UPDATE: Emerson Electric To Buy Avocent For $1.2 Billion
06 Ottobre 2009 - 5:34PM
Dow Jones News
Diversified industrial equipment maker Emerson Electric Co.
(EMR) will acquire information-technology company Avocent Corp.
(AVCT) for about $1.2 billion in cash, broadening the software
offerings of Emerson's energy efficiency-related businesses.
Emerson plans to apply Avocent's software management technology
to its network power systems, energy management and precision
cooling services.
"Clearly, this adds a little bit more power to Emerson's network
power systems" business, said Daniel Holland, an analyst for
Morningstar Inc. "Having a pretty broad portfolio offering helps
get a customer more interested."
Avocent shareholders will get $25 a share, a 22% premium to
Monday's close. The deal, which was unanimously recommended by the
Avocent board, is expected to be completed around year-end if it
gets approval from regulators and a majority of Avocent
shareholders. The stock was last at $25 in August 2008.

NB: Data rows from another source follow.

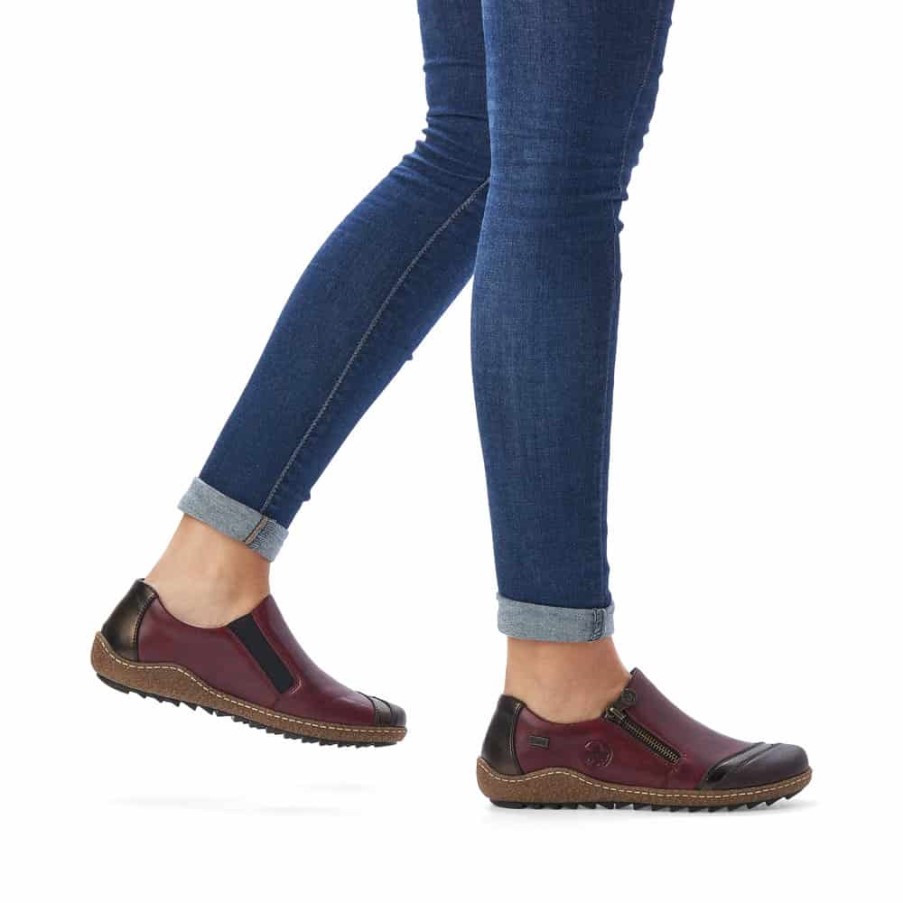 Rieker |l7571-25 赤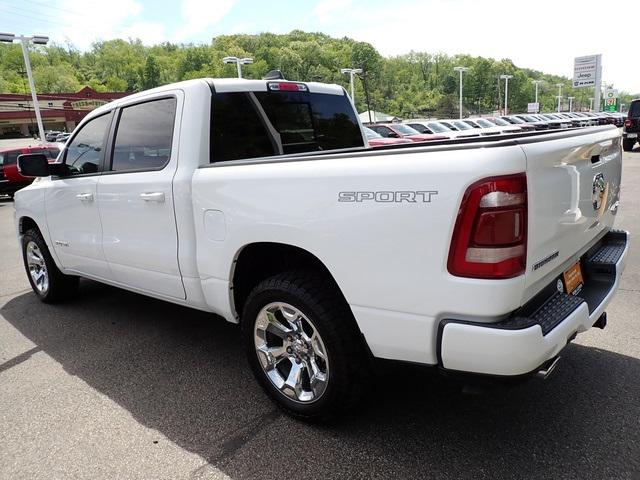 2022 RAM 1500 Big Horn Crew Cab 4x4 57 Box
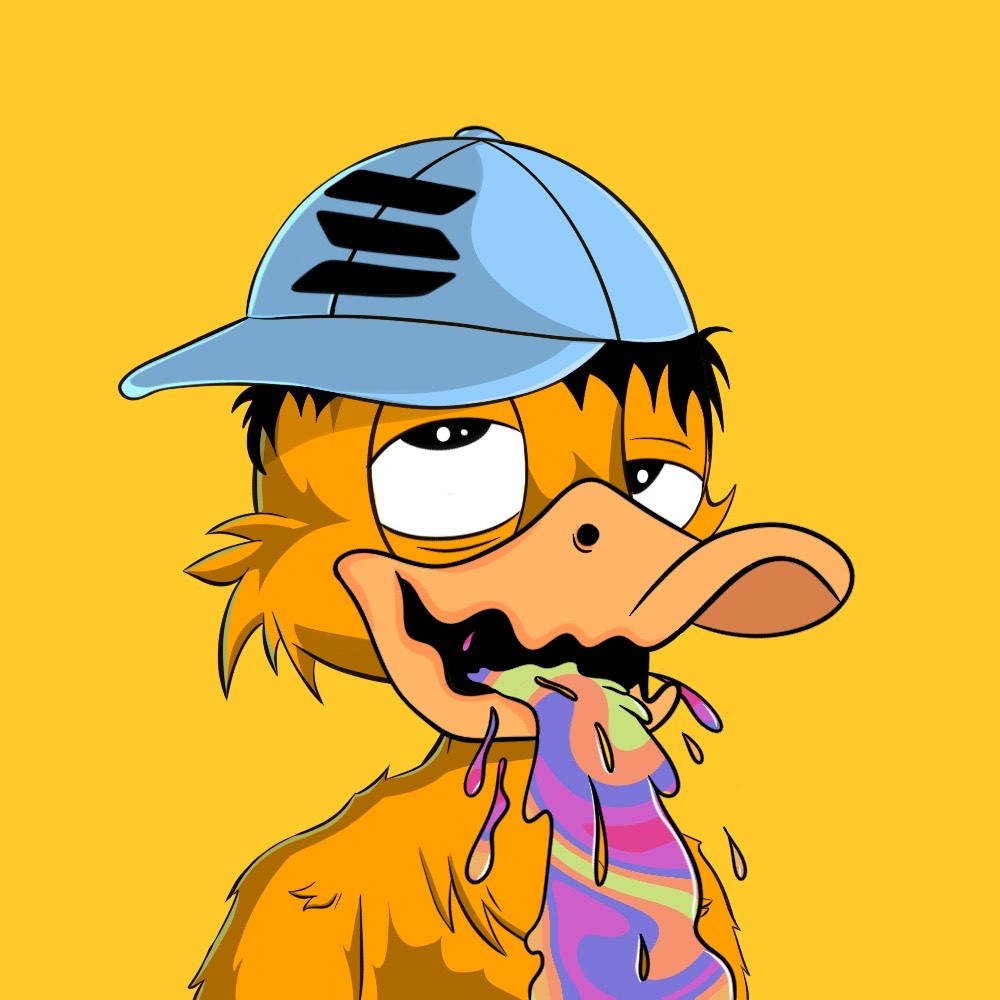 SplinterDuck's tweet image. 👀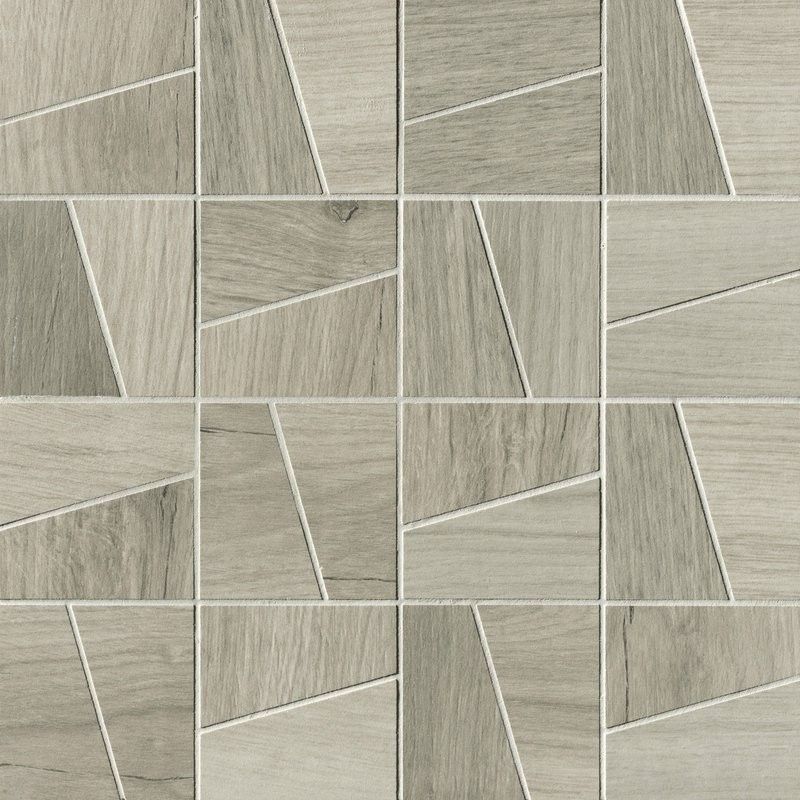 FAPNEST SILVER SLASH MOSAICO MATT 30X30  - fOBK Fap Ceramiche FAP CERAMICHE - 1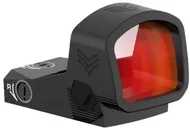 Swamp Fox Justice II RMR 1x30mm Multi Reticle Red Dot RMR Footprint - Swampfox Optics
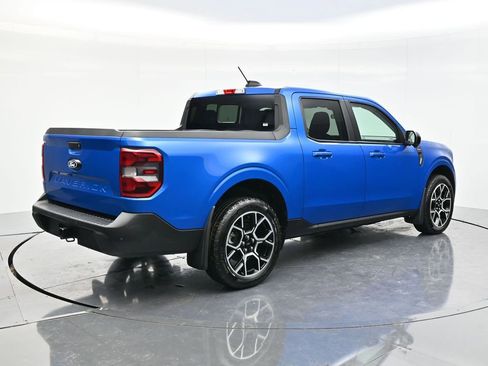 Used 2025 Ford Maverick Lariat AWD/4WD image 5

In Tuesday trading, Avocent shares were up 21% at $24.83 a
share.
The Huntsville, Ala., company blends server hardware, software
and embedded technologies into one system that data-center
operators use to monitor, manage and fix problems with their
operations. The company has been trying to boost sales of software
that aren't tied to the company's computer servers. About 30% of
the Avocent's $647 million of revenue last year was derived from
software.
Demand for servers has fallen sharply in recent quarters as
companies cut back on capital spending. Sales in Avocent's
management systems segment, which includes its hardware lines,
declined 28% in the second quarter.
For the first six months of 2009, Avocent lost $63.2 million, or
$1.42 a share, as sales slipped 15% from a year earlier to $254.7
million.
Emerson shares were recently trading up 3.3% at $39.97 a share
The stock is up 9% so far this year as the company has reported
lower earnings the past three quarters amid falling demand.